Collected data:
====================
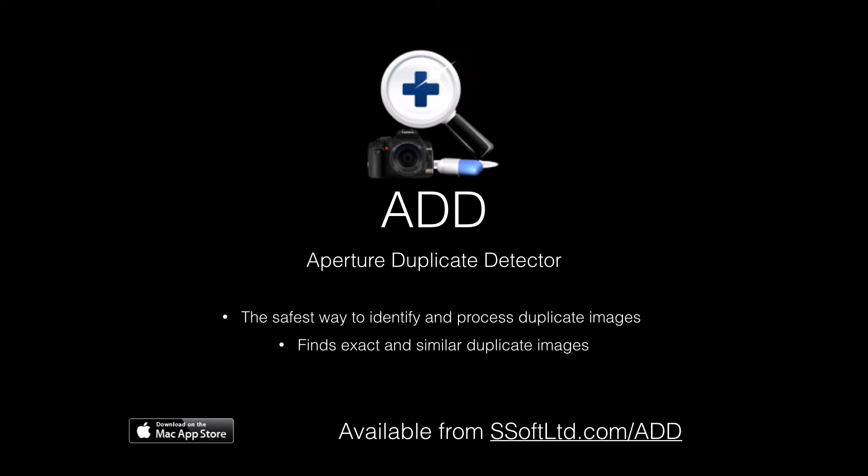For more information and a free demo, head on over to ssoftltd.com. ADD is also available from the Mac App Store.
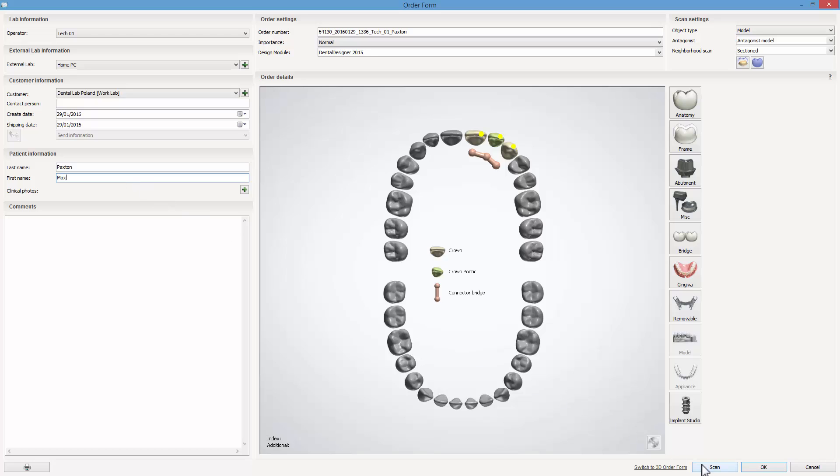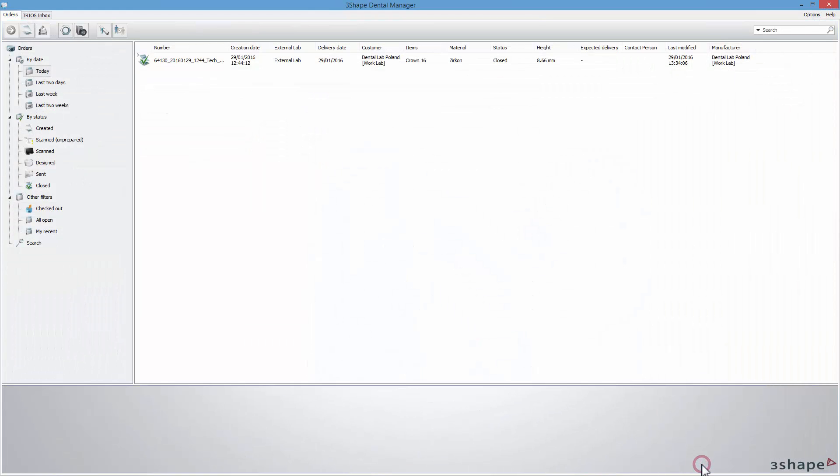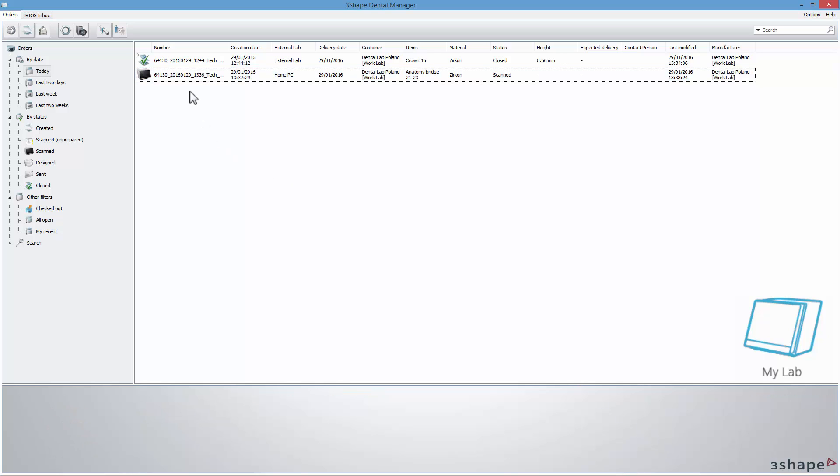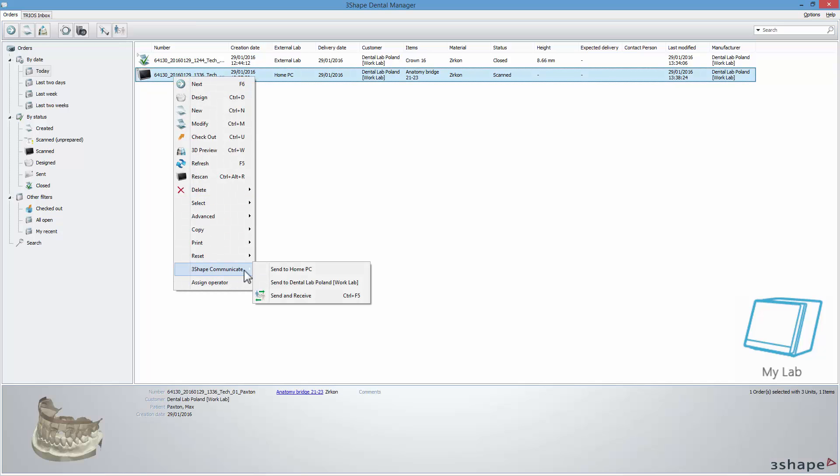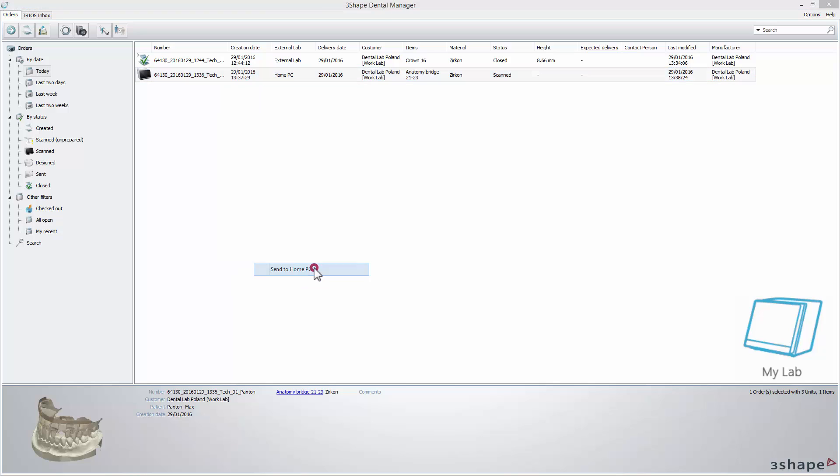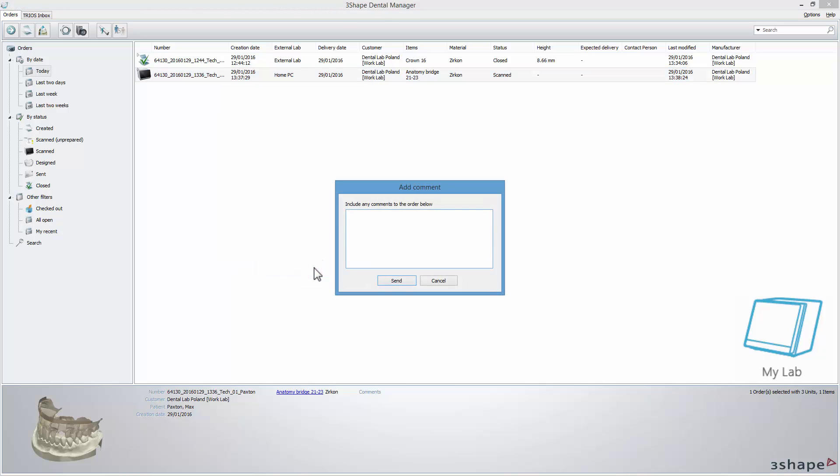Scan models and start the design or send the order straight away. To do so, right-click the order, choose 3Shape Communicate and send the order to home PC or other workplace.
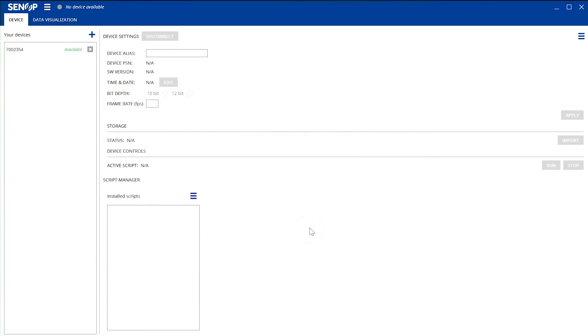Now you can see in the device tab that your camera is available on the left side of the tab. Double-click your camera's serial number and you can see that the camera's status changes from Available to Connected.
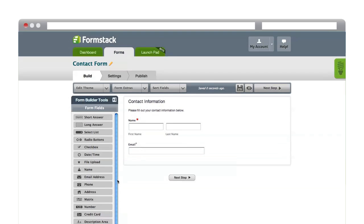Formstack lets you create powerful forms in minutes, allowing you to collect information, documents, payments, registrations, and more.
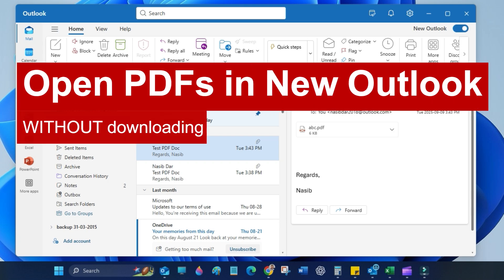Hello guys, welcome back to my channel. Today's video I will show you how to open PDF files in new Outlook without downloading.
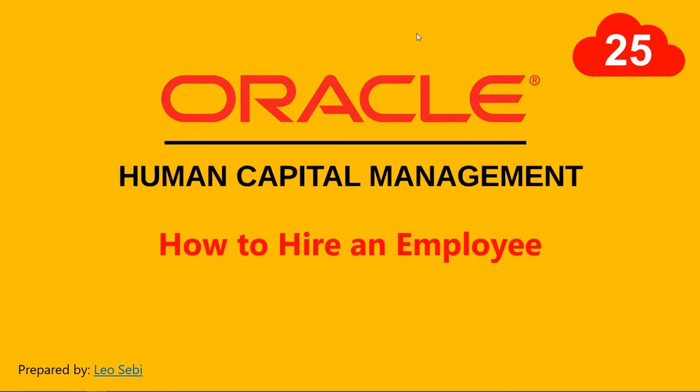Hello everyone, welcome to Oracle HCM Cloud. Let's have a look at how to hire an employee.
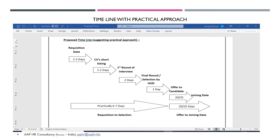This is a practical timeline from the Manpower Requisition Form up to sending an offer — approximately 6 to 7 days. From offer sending or acceptance up to joining, approximately 25 to 30 days is considered, which is the normal notice period for experienced candidates. Ideally, the process should be initiated within one day and completed within six days from requisition receipt to offer sending.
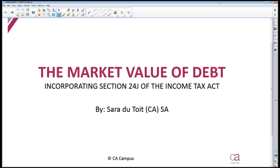Welcome to CA Campus. My name is Sarah de Toy and I am the Management Accounting Lecturer at CA Campus. In this lecture I will be looking at the calculation of the market value of debt, specifically incorporating Section 24J of the Income Tax Act.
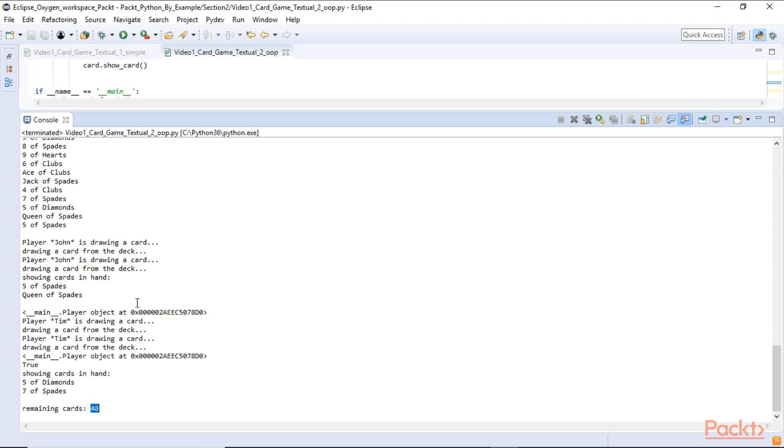In this video we created a textual game of deck of cards. First we did this in a simple way. And then we advanced using object-oriented programming with classes.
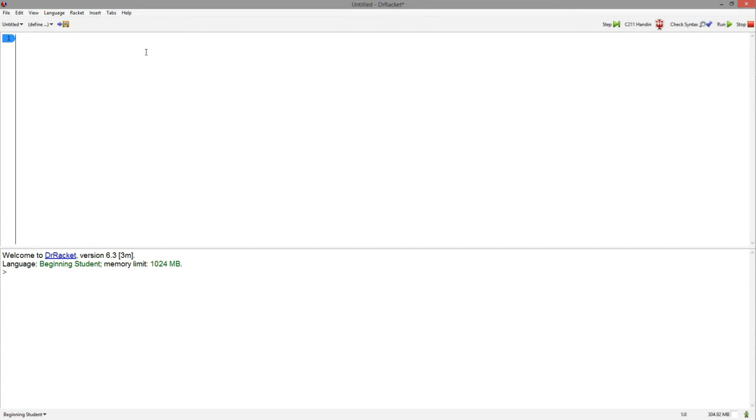Alright, so if we write something like hello world in double quotes in the definitions window and hit run, it will appear at the top of the REPL.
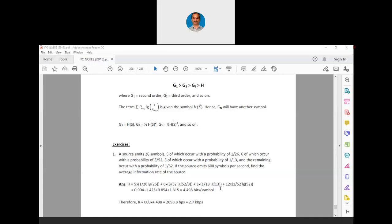On an average we calculate entropy, and similarly on an average we calculate the information rate. The symbols need not occur at a constant rate throughout the time duration — it can be varying. So we calculate entropy and information rate on an average basis. This has to be borne in mind.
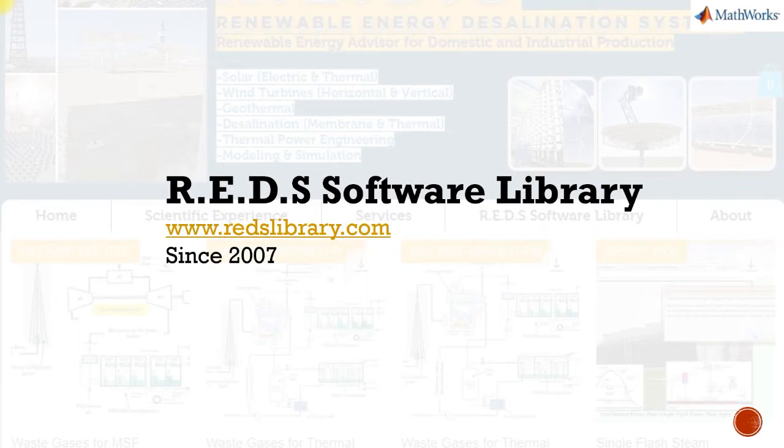Reds Software Library for Modeling and Simulation of Solar Desalination Systems. www.redslippery.com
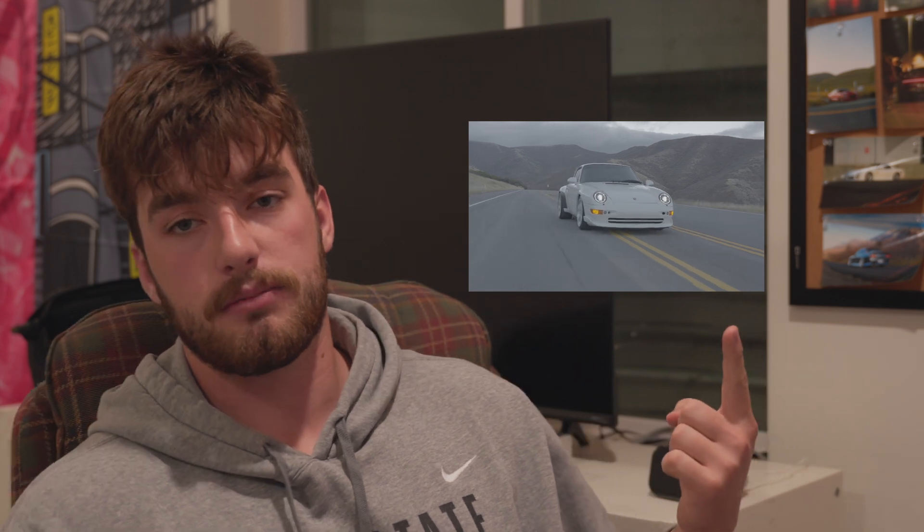Okay guys, in today's video we are going to be talking about my personal color grading workflow with this clip that I got from Saturday shooting this beautiful white 993 Porsche. Let's get into it.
====================
== What the task requires ==
Only the lines from the line that contains "Welcome to CA" through the end of the entries are to be written out, exactly and without pictures, both ends included.

== Task solution ==
Welcome to CA Campus. My name is Sarah de Toy and I am the Management Accounting Lecturer at CA Campus. In this lecture I will be looking at the calculation of the market value of debt, specifically incorporating Section 24J of the Income Tax Act.
In this video we created a textual game of deck of cards. First we did this in a simple way. And then we advanced using object-oriented programming with classes.
Alright, so if we write something like hello world in double quotes in the definitions window and hit run, it will appear at the top of the REPL.
On an average we calculate entropy, and similarly on an average we calculate the information rate. The symbols need not occur at a constant rate throughout the time duration — it can be varying. So we calculate entropy and information rate on an average basis. This has to be borne in mind.
Reds Software Library for Modeling and Simulation of Solar Desalination Systems. www.redslippery.com
Okay guys, in today's video we are going to be talking about my personal color grading workflow with this clip that I got from Saturday shooting this beautiful white 993 Porsche. Let's get into it.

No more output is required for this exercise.